Chris - Can you talk to the space station? Because I'm sure I've spoken to someone before who said that they had booked a time and they were having a chat with people on the international space station.

Peter - Yes, indeed. Some of the astronauts have a radio license and in the two metre band, you can book a slot and talk to them as they come over and it's a very popular demonstration in schools. I've not done it personally, but I know people who have.

Chris - You mentioned the propagation, you said when the propagation is good, what did you mean by that?

Peter - It's linked to the sunspot cycle, which is the 11 year cycle of activity on the Sun, and we're just going into cycle 26. I think it is. And as the number of solar flares build up, and the amount of ultraviolet light coming off the Sun increases, the ionosphere, which is used to refract radio signals round the curvature of the Earth becomes more active, more refractive, and you can get some amazing distances on very minimum amounts of power.

Chris - So you basically bounce your signal from your antenna on the Earth's surface, up onto that notional layer of charged particles out in space, and then it reflects it, and refracts it more accurately, down to another space on the Earth's surface.

Peter - Absolutely right. So it refracts off the ionosphere, and then 70% of the Earth's surface is covered with water, which is a good reflector, bounces off the ocean back up to the ionosphere, and in three or four hops, that's how you get round to Australia.

Chris - Goodness me. Now let's sort of bite the bullet now then, because you have to answer the crucial question, because so far we've learned about making radio waves. We've learned how they did it back in the early days, and set people's eyes popping out of their heads with those demos, which would have been almost like magic, I would think, to the audiences in those lecture theaters, when Lodge and his colleagues were doing this, but when we want to apply voice to radio, like we're talking now, how is that done? Because how do you take just a signal, an electrical signal, and actually make it so that you can apply information to it that can be received.
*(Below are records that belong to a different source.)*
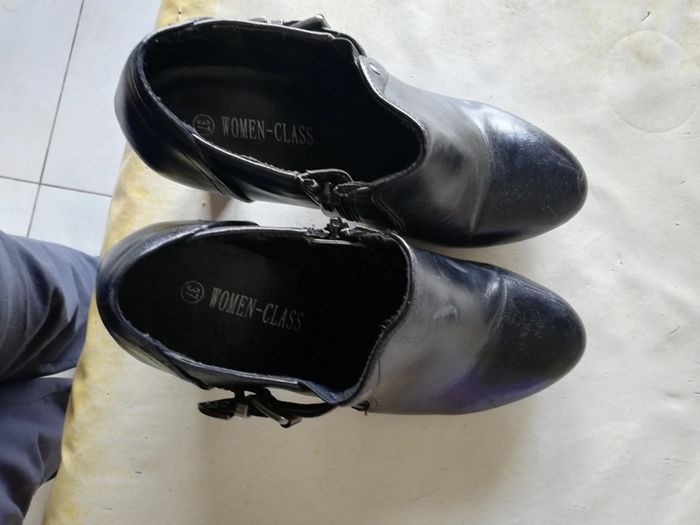 Bottines low-boots a talons noires t. 37. - photo numéro 2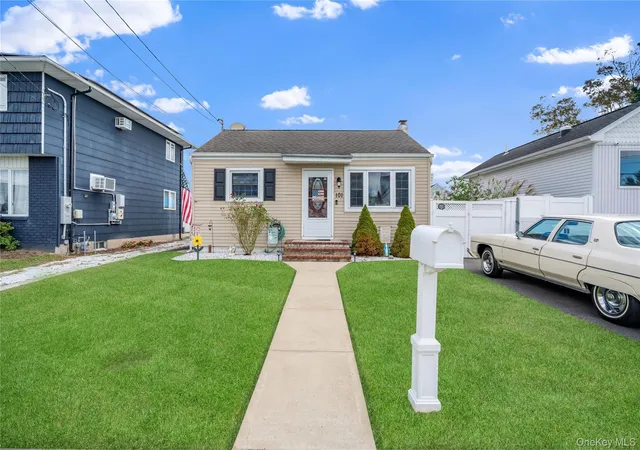 Single family home for sale at 101 Miramar Blvd, Babylon, NY 11757 | MLS# 1053540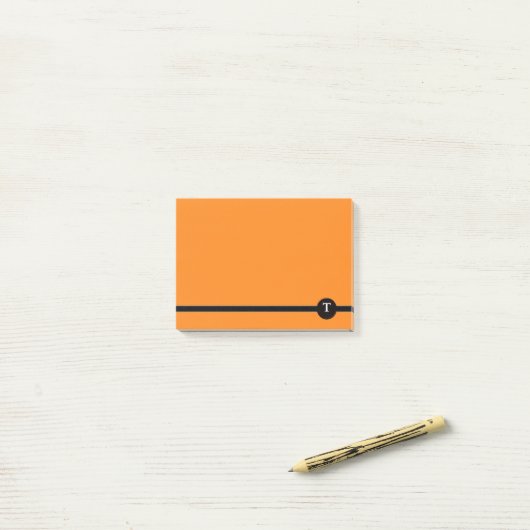 Sinaasappel & Blk Strip Monogram Post-it® notes (Op bureau)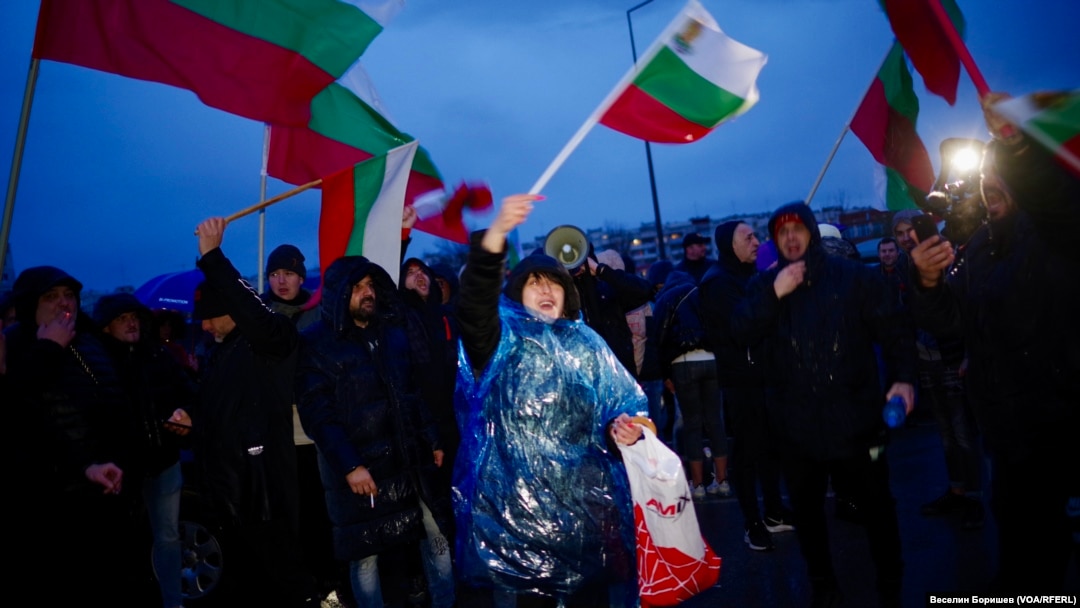 Кадър от протеста под наслов "Овча Купел без страх и насилие"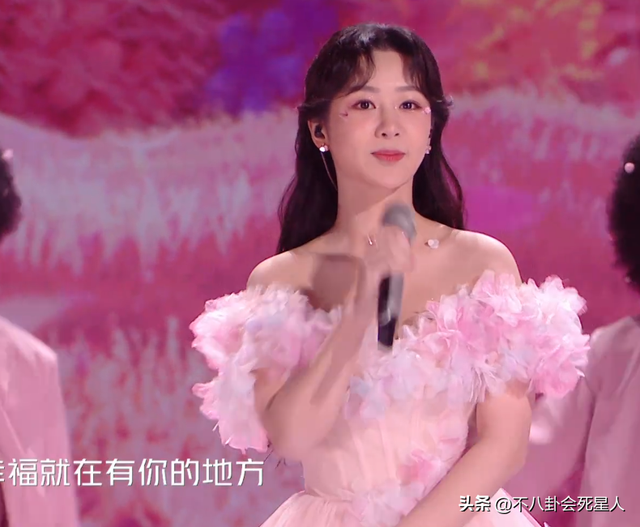 26位女星跨年斗艷：楊冪短裙裹貂，娜扎緊身亮片，個(gè)個(gè)出狠招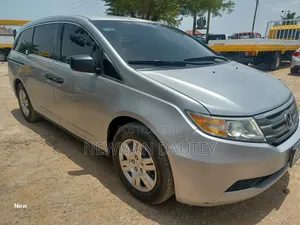 Honda Odyssey 2011 Silver
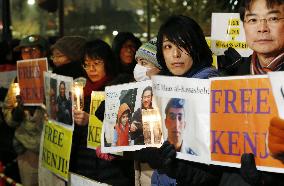 People plead for release of Japanese hostage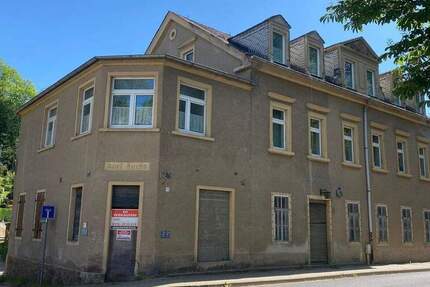 ** VERHANDLUNGSBASIS ** Historisches Mehrfamilienhaus nebst reichlich Nebengelass zum vollständigen Sanieren! 2 zimmer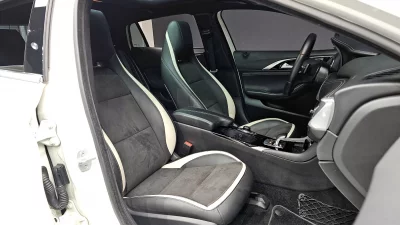 Infiniti Q30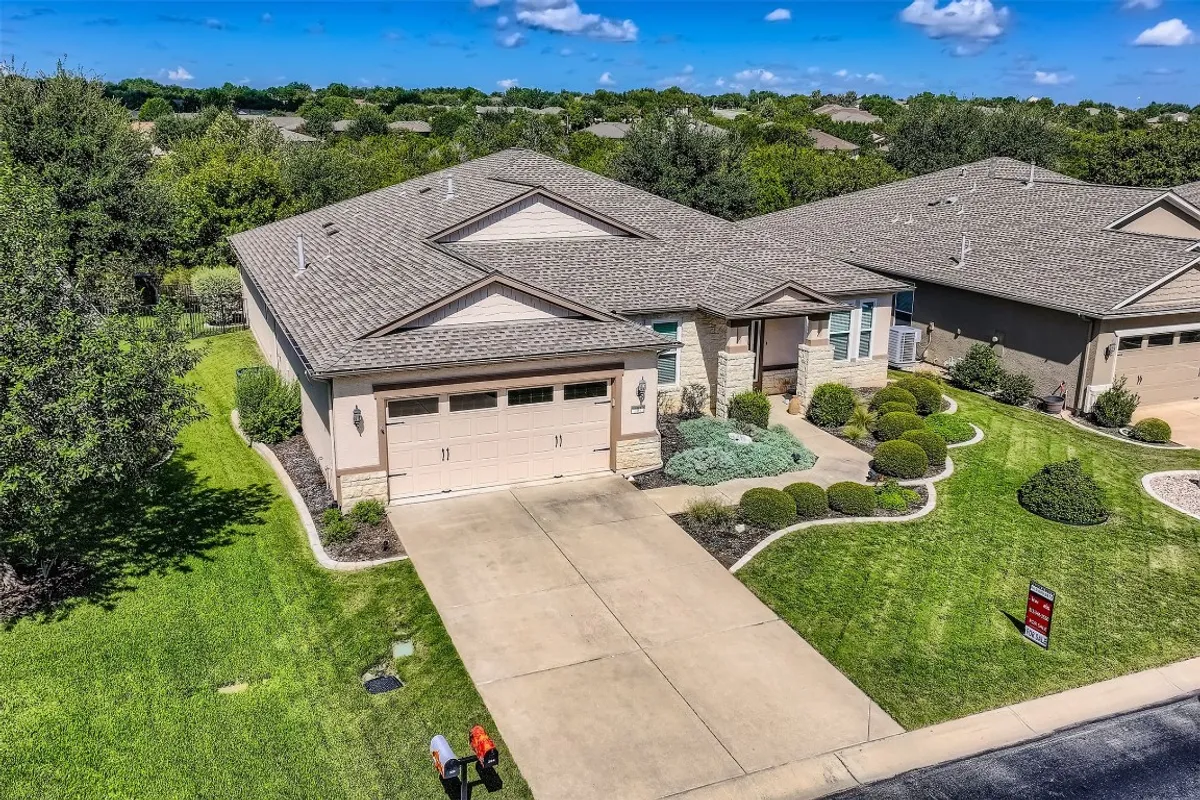 Property Slideshow image 1 of 34 | 304 pipe creek ln, Georgetown, TX, 78633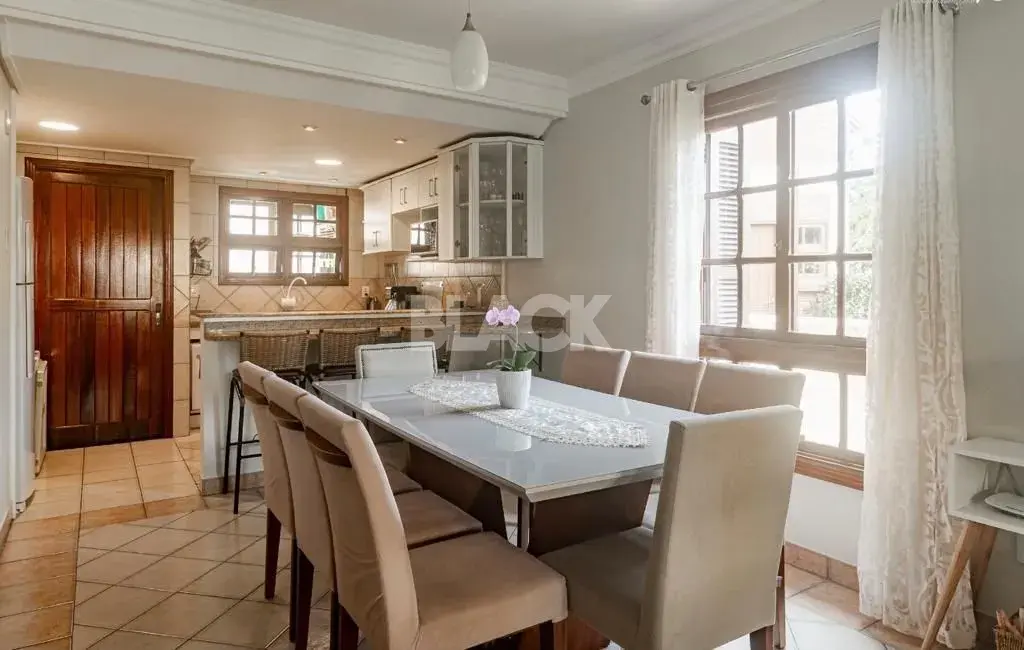 Foto 4 de Casa com 4 quartos à venda, 187m2 em Torres - RS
Peter - I suppose the easiest way is by CW or carrier wave, where you turn your transmitter on and off to generate the CW characters, just like sending Morse with a lamp, which is what it is. Second way is by means of amplitude modulation, where you blend your voice, or you impose your voice pattern onto the radio frequency carrier wave. And it varies the height, or the amplitude of that wave in sympathy with the audio pattern of your voice. So the envelope, it gives you an analog. The varying envelope gives you an analog of your audio signal, and a third way of doing it is by frequency modulation. And here you keep the amplitude constant, but you vary the frequency as an analog of your voice signal. It's a bit like the bellows on an accordion. As the accordion plays, they stretch and contract. So the frequency increases and decreases in sympathy with your voice. So you sort of wobbled the frequency and then you can demodulate it at the far end in your receiver.